On the flip side, if you can’t log into your server, a ping command from your laptop to your server is a good check of whether you’re correctly configured inbound networking.

Lastly, netstat is a useful command for checking which ports are being used on your machine. If you’ve got a service running, you need to make sure it’s available on a port – and that it’s the right port! netstat can help you check. For this purpose, netstat is most useful with the -tlp flags to show programs that are listening and the programs associated.

8.6.1 Practical SSH

Note that you don’t need to use -i assuming you’re using default SSH key name. If you wanted to use a different name, you can use -i to specify it, or you can set up an SSH config so your terminal knows which SSH key to use with which host.

By default, SSH always uses port 22. If for some reason you want to use a different port, you can use the -p flag with your SSH command.

SSH has one of the neatest debugging modes of any command. If you can’t connect via SSH for some reason, just add a -v to your command for verbose mode. If that’s not enough information, add another v for -vv, and even another! Every v you add (up to 3) will make the output more verbose.

There’s one more SSH trick that can be useful – port forwarding, also called tunneling. SSH port forwarding allows you to take the output of a port on a remote server, route it through SSH, and display it as if it were on a local port.
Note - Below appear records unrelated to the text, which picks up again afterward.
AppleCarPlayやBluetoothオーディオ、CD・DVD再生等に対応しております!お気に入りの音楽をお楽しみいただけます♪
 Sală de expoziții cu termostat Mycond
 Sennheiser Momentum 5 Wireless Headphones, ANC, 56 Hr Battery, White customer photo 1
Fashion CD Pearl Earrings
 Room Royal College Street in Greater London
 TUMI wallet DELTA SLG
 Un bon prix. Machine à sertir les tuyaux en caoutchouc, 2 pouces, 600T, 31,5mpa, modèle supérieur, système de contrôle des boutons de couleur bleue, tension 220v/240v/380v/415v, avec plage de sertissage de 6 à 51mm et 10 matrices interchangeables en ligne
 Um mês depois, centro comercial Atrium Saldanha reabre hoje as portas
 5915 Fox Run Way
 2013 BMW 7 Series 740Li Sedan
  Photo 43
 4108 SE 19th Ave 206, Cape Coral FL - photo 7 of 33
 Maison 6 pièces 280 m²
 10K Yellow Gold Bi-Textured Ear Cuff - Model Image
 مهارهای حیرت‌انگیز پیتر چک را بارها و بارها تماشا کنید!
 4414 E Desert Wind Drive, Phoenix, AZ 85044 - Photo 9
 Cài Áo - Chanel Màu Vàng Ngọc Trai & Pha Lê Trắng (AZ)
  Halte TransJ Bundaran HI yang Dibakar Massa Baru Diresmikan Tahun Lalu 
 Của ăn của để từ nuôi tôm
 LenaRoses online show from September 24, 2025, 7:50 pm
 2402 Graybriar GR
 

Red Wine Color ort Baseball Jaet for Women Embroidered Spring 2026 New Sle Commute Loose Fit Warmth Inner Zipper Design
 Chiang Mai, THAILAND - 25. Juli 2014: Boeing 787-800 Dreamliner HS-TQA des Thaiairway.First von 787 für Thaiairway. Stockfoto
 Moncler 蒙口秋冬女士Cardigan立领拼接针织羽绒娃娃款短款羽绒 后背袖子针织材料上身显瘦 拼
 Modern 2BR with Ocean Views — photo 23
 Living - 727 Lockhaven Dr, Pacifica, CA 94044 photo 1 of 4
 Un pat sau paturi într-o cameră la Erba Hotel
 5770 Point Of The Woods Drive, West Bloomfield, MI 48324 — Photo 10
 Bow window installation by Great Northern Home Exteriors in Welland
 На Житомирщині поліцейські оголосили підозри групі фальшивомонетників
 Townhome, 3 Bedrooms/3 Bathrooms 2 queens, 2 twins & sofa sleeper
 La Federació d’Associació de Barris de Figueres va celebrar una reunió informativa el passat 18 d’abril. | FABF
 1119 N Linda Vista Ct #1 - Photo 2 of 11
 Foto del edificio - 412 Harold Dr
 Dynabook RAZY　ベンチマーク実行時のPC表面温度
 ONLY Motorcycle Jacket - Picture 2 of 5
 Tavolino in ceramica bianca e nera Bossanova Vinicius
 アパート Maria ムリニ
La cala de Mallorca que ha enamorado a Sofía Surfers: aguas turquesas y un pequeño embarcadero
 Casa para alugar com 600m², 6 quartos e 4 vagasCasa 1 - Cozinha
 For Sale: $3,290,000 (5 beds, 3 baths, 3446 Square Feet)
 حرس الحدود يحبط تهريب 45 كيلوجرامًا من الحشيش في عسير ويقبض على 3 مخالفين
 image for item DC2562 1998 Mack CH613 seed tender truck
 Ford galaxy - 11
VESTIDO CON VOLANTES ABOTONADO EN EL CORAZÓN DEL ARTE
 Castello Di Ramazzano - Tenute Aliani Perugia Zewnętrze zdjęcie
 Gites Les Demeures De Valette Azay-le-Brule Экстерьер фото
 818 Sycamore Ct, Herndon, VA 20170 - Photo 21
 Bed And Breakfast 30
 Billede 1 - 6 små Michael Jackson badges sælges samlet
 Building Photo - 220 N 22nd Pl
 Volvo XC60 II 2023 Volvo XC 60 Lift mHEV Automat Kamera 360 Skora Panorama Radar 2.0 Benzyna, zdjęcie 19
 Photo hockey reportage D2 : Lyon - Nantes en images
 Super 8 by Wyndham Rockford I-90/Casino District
What this means, for example, is that you can connect to a server via SSH, and once you’ve set up port forwarding, you can access, for example, port 3939 on the remote server at localhost:3939 from your laptop’s browser.

This can be helpful if you want to access a particular port on the remote server, but you haven’t yet set up public networking to it.

Port forwarding is, unfortunately, difficult to read and you’ll almost certainly have to google every time you use it unless you’re doing so on a daily basis.

For the kind of port forwarding you’ll use in debugging, you’ll use the -L flag. The syntax looks like this:

ssh <local port>:<remote ip>:<remote port> <ssh hostname>

8.7 Lab: Setting up a user, configuring SSH, Installing R, Python, and More

Now that you’ve SSH-ed into your server using the pem key, let’s make things more secure.

The first thing we’re going to do is create a user so that you can login without running as root all the time.

Let’s create a user using the adduser command. If you want to just walk along, let’s use the username test-user. Give the user a password when prompted to do so. Note that even though we’re logged in as the base ubuntu user, we’ll need to add sudo to do this command.

sudo adduser test-user

Let’s get started by just running useradd. This will walk us through a set of prompts to create a new user with a home directory and a password. Feel free to add any information you want – or to leave it blank – when prompted.

Now let’s give our new user the ability to use sudo as well with

sudo usermod -aG sudo test-user

If you want to parse this command, we’re adding the user to the group sudo, which is how people are allowed to use the sudo command.

8.7.1 Creating an SSH Key for the user

Ok, now that we’ve got the user, let’s put an SSH key in place for them.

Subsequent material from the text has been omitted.